L'ensemble de ces marches constitue sans aucun doute le plus
important traité de stratégie spirituelle que
nous possédons. La lutte contre les passions revêt
cependant un caractère positif - elle ne reste pas
une chose négative - grâce à l'image du
« feu » de l'Esprit Saint : « Que tous ceux
qui entreprennent cette belle lutte (cf. 1 Tm 6, 12), dure
et ardue [...], sachent qu'ils sont venus se jeter dans un
feu, si vraiment ils désirent que le feu immatériel
habite en eux » (1, 18 ; 636). Le feu de l'Esprit Saint
qui est feu de l'amour et de la vérité. Seule
la force de l'Esprit Saint assure la victoire. Mais selon
Jean Climaque, il est important de prendre conscience que
les passions ne sont pas mauvaises en soi ; elles le deviennent
en raison du mauvais usage qu'en fait la liberté de
l'homme. Si elles sont purifiées, les passions ouvrent
à l'homme la voie vers Dieu avec des énergies
unifiées par l'ascèse et par la grâce
et, « si celles-ci ont reçu du Créateur
un ordre et un début..., la limite de la vertu est
sans fin » (26/2, 37 ; 1068).
La dernière phase du chemin est la perfection chrétienne,
qui se développe dans les dernières sept marches
de l'Echelle. Il s'agit des stades les plus élevés
de la vie spirituelle, dont peuvent faire l'expérience
les « hésychastes », les solitaires, ceux
qui sont arrivés au calme et à la paix intérieure
; mais ce sont des stades accessibles également aux
cénobites les plus fervents. Des trois premiers - simplicité,
humilité et discernement - Jean, dans le sillage des
Pères du désert, considère le dernier
le plus important, c'est-à-dire la capacité
de discerner. Chaque comportement doit être soumis au
discernement ; en effet, tout dépend des motivations
profondes, qu'il faut évaluer. On entre ici dans le
vif de la personne et il s'agit de réveiller chez l'ermite,
chez le chrétien, la sensibilité spirituelle
et le « sens du cœur », dons de Dieu : «
Comme guide et règle en toute chose, après Dieu,
nous devons suivre notre conscience » (26/1,5 ;1013).
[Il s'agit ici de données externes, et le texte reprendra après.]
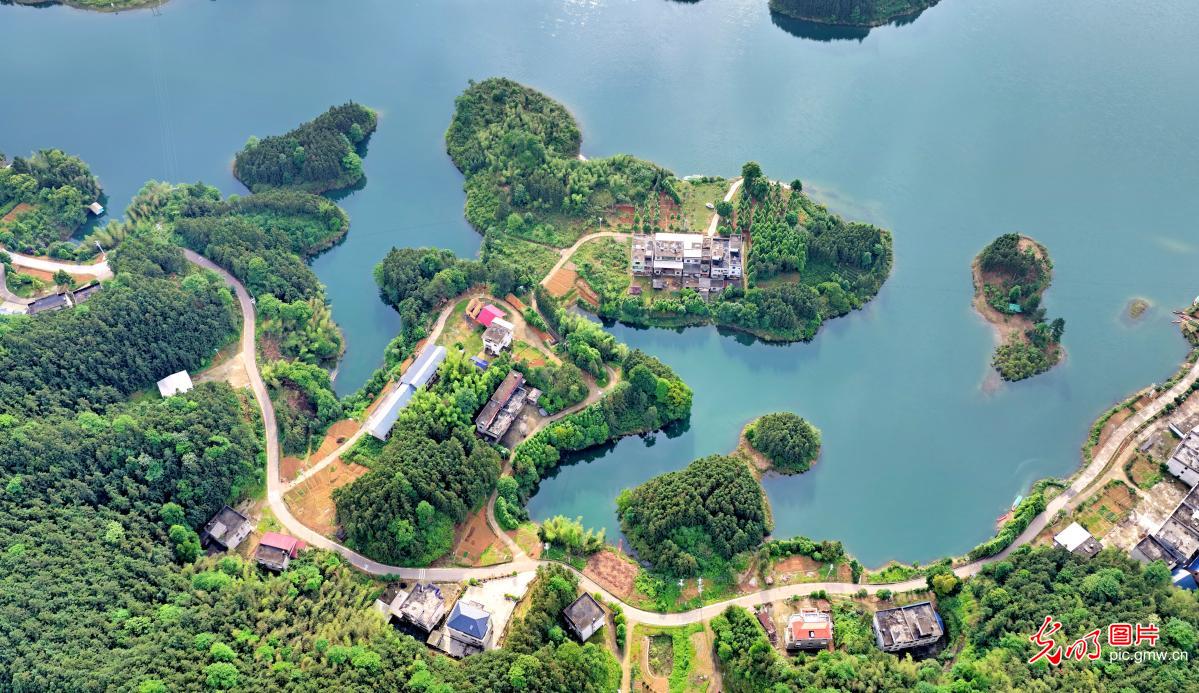 生态乡村 水清岸绿
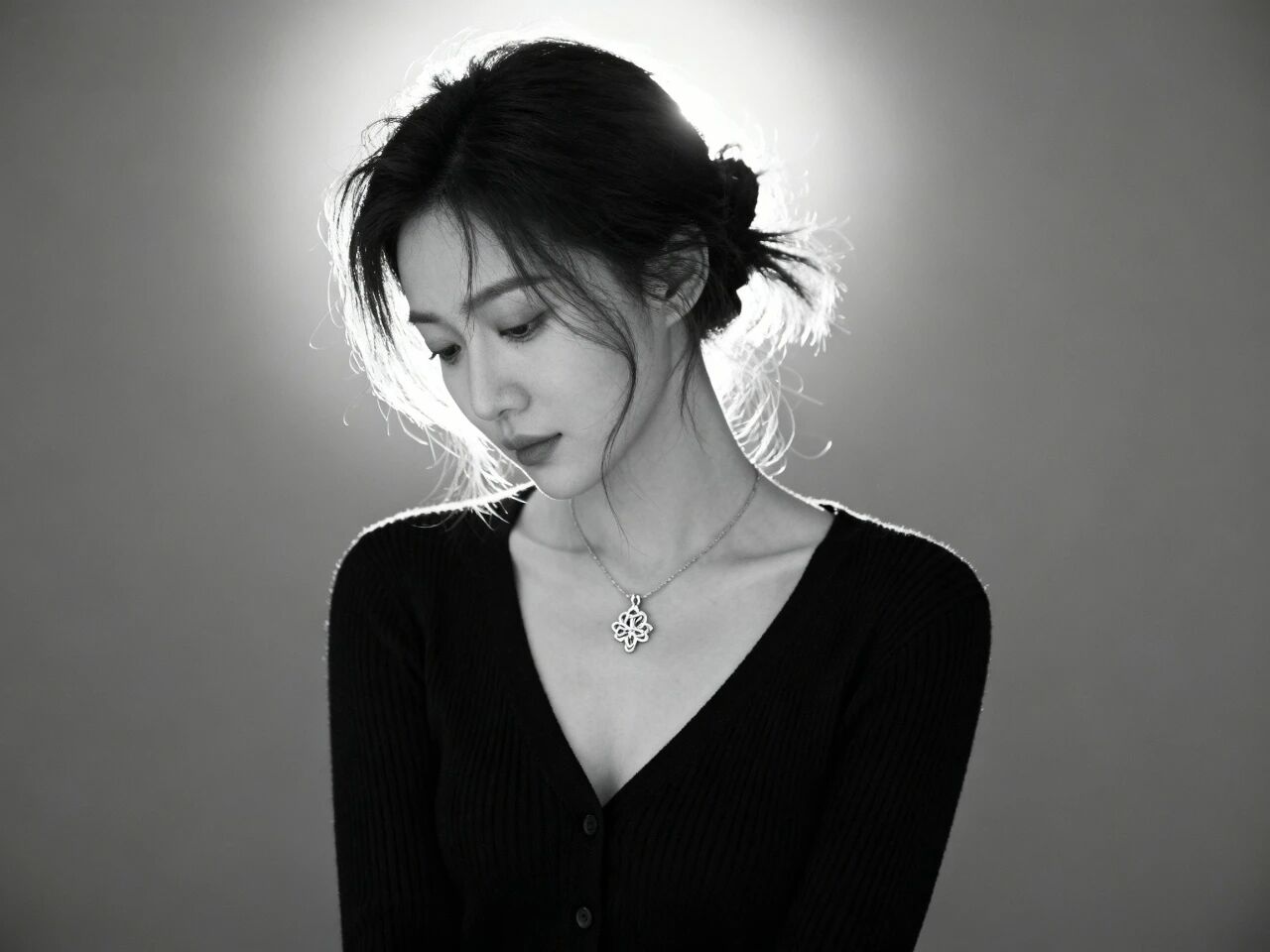 Hyper-Realistic AI Portrait Generation - Professional Photography Techniques and Prompt Engineering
C'est de cette manière que l'on atteint la tranquillité
de l'âme, l'esichía, grâce à laquelle
l'âme peut se pencher sur l'abîme des mystères
divins.
L'état de calme, de paix intérieure, prépare
l' « hésychaste » à la prière,
qui chez Jean, est double : la « prière corporelle
» et la « prière du cœur ».
La première est propre à celui qui doit s'aider
de gestes du corps : tendre les mains, émettre des
gémissements, se frapper la poitrine, etc. (15, 26
; 900) ; la deuxième est spontanée, car elle
est l'effet du réveil de la sensibilité spirituelle,
don de Dieu à ceux qui se consacrent à la prière
corporelle. Chez Jean, elle prend le nom de « prière
de Jésus » (Iesoû euché), et est
constituée par l'invocation du seul nom de Jésus,
une invocation continue comme la respiration : « Que
la mémoire de Jésus ne fasse qu'une seule chose
avec ta respiration, et alors, tu connaîtras l'utilité
de l'esichía », de la paix intérieure
(27/2, 26 ; 1112). A la fin, la prière devient très
simple, simplement le nom « Jésus » qui
ne fait qu'un avec notre respiration.
Le dernier degré de l'échelle (30), teinté
de « la sobre ivresse de l'Esprit », est consacré
à la suprême « trinité des vertus
» : la foi, l'espérance et surtout la charité.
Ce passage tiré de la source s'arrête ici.